BIOGRAPHY: Lilian Garcia-Roig

Born in Havana, Cuba in 1966, she was raised and worked in Texas for 30 years but now lives and works in Tallahassee, Florida.  Her latest works feature large-scale on-site painting installations of dense landscapes that overwhelm the viewer’s perceptual senses. Each individual painting is created over the course of the day in an intense wet-on-wet cumulative manner that underscores the complex nature of trying to capture first-hand the multidimensional and ever-changing experience of being in that specific location.

Formally her works are as much about the materiality of the paint and the physicality of the painting process as they are about mixing and mashing the illusionist possibilities of painting with its true abstract nature. On a more personal levelall of the on-site works she has made are, at their core, about trying to negotiate the complex propositions of sense of place and belonging which so influence the construction of personal identity.

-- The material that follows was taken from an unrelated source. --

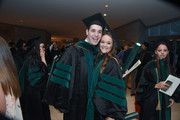 UTSW Medical School students in lobby following commencement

She has shown nationally at such places as the Americas Society Gallery in NYC, the National Museum of Women in the Arts and the Art Museum of the Americas, both in Washington D.C and extensively in the south, especially in Texas and Florida. Internationally, she has shown at the Chopo Museum in Mexico City and Byblos Art Gallery in Verona, Italy. She had a large work included in “Relational Undercurrents: Contemporary Art of the Caribbean Archipelago” that opened in 2017 at the Museum of Latin American Art in Long Beach as one of the Getty funded Pacific Standard Time: LA/LA  exhibitions which traveled to several museums across the country through 2019.  Recently she was included in the 2019 Florida Prize in Contemporary Art exhibition at the Orlando Museum of Art and in the Florida Contemporary at the Baker Museum in Naples.

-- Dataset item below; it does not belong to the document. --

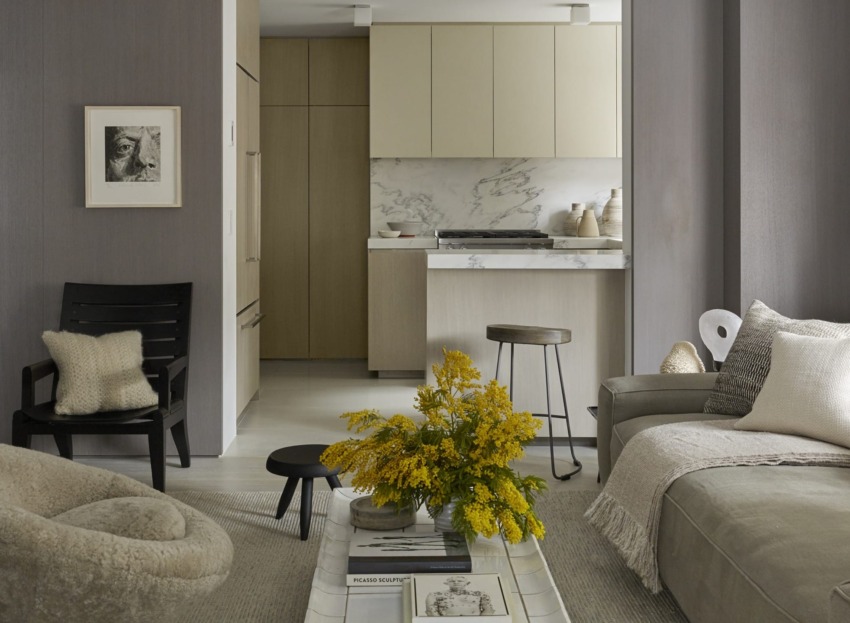 Modern living room with beige sofa, yellow flowers on table, and view of minimalist kitchen in the background.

Her MFA is from the University of Pennsylvania (1990) and her BFA is from Southern Methodist University (1988). From 1991 to 2000 she was a tenured Associate Professor of Studio Art at the University of Texas at Austin and in 2001 was a Visiting Associate Professor at the University of California at Berkeley in the Department of Art Practice before deciding to move to Tallahassee where she became the Director of Graduate Studies in Studio Art from 2002-2008. She is a professor at Florida State University where she served as Chair of the Department of Art from 2020-2023. In 2023 she was named a Robert O. Lawton Distinguished Professor, FSU’s highest faculty recognition.

In 2021 she was named a Guggenheim Fellow in Fine Arts and received the Blackwell Prize in painting. Other major awards include a Joan Mitchell Foundation Award in Painting, a Mid-America Arts Alliance/NEA Fellowship Award in Painting, State of Florida Individual Artist Fellowship Award in painting & a Kimbrough Award from the Dallas Museum of Art.  Residencies include being a visiting artist at the Ludwig Foundation of Cuba, a Skowhegan School of Painting and Sculpture Fellowship, a Vermont Studio Center Artist Fellowship, a Woodstock Byrdcliffe Pollack-Krasner Fellowship, an Art Omi Milton & Sally Avery Fellowship and a MacDowell Milton & Sally Avery Fellowship, among others.

In 2017 she was an artist-in-residence at the Joan Mitchell Center in NOLA where she developed an entirely new body of work (“Hecho Con Cuba”) that responded to her experience of finally being able to work in her homeland. While in Cuba, she was able to walk in the footsteps of the great landscape painters who had worked in the iconic Viñales Valley before her. She made a series of perceptually-based work (“Hecho En Cuba“) while also thinking about the idea of a hyphenated-nature and hoping that that the Cuban-American perspective she brought with her would produce new works that ultimately offered a pictorial reconciliation between her Cuban and American identities.